The files present a huge size which will be problematic doing statistical operations on the files (calculation frequencies , N-grams, sorting ..)
So we decided to create samples and save to new files.

sav<-function(var,file,n)
{
    dir<-paste0("data\\",file,"_sample.txt")
    con<-file(dir,"w")
    var<-sample(var,n)
    writeLines(var,con)
    close(con)
    var
}

twitter<-sav(twitter,"twitter",50000)
blogs<-sav(blogs,"blogs",50000)
news<-sav(news,"news",50000)

Now that we have reduced the size of our data files to just 50,000 lines each , it will be easier to compure the characteristics.

blogs[14]
## [1] "1120 N. Ashland (just get off Division & head dirty south)"

in the blogs file, we noticed the ’ character is encoded as ’ for some reason. so we try to correct that.
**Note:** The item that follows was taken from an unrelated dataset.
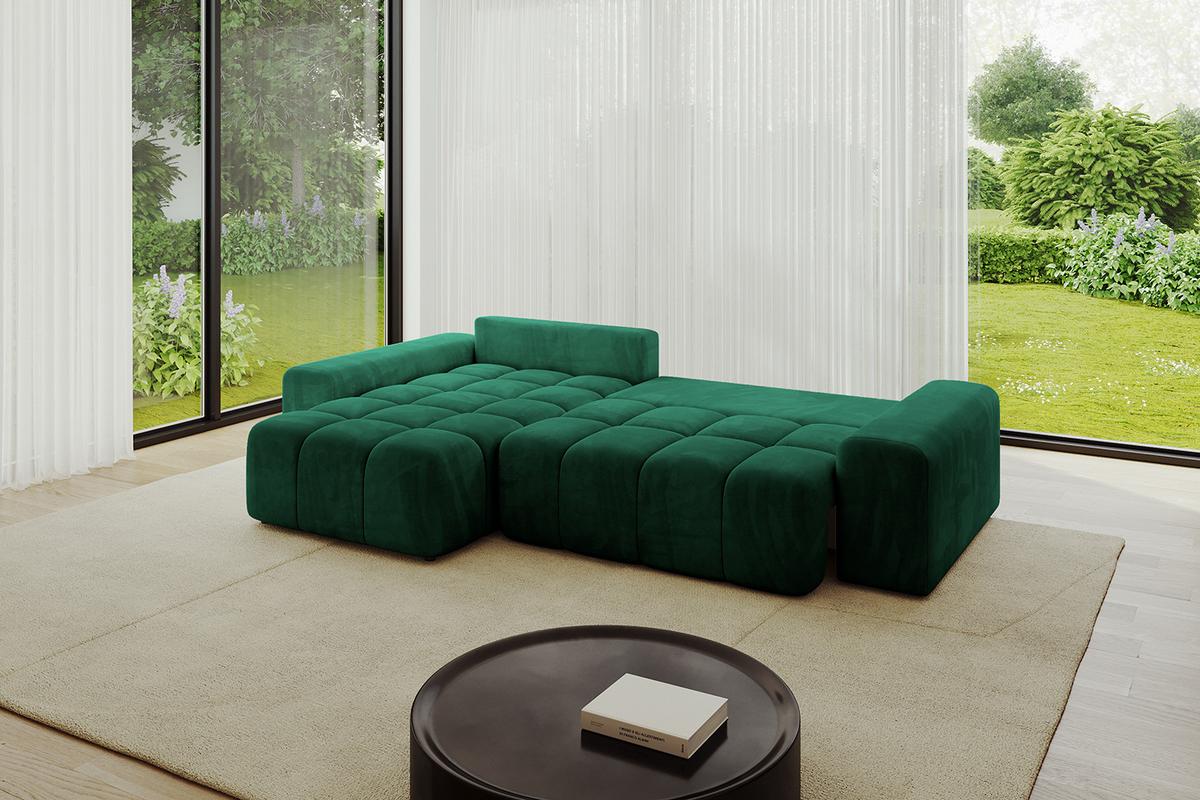ECKSOFA Ottomane links ENIL-L 297x189x68 Dunkelgrün Velours - Dunkelgrün, Holzwerkstoff/Kunststoff (297/189cm) - ALTDECOR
blogs<-gsub("’","'",blogs)

W take a very brief look at the first line of every sample:

twitter[1]
## [1] "Woo-hoo! Now the real fun starts! ;) RT : Hooray! My new passport arrived!!"
news[1]
## [1] "Saturday's forecast calls for partly sunny skies with a high near 55. At night, plan for clouds and a low around 40."
blogs[5]
## [1] "On Friday the National Portrait Gallery sent a letter of claim to a certain Derrick Coetzee, an American software developer at Microsoft. The NPG complains that Coetzee has uploaded more than 3,300 of their photos to Wikipedia. Coetzee does not deny that since joining Wikipedia in 2003 he has found it â\200\230strangely addicting'."

Interpretation

We notice on one hand hand that the Twitter text has typos, abbreviations, and other apperances of words that don’t belong to the english dictionary , which can mislead our English prediction model.
On the other hand, the news data sample is oriented towards politics and economics and other popular news subjects with special vocabulary which isn’t related to the common English we want to train out model on

Decision

the blogs data sample seems the best fit as a training set for our English NLP model.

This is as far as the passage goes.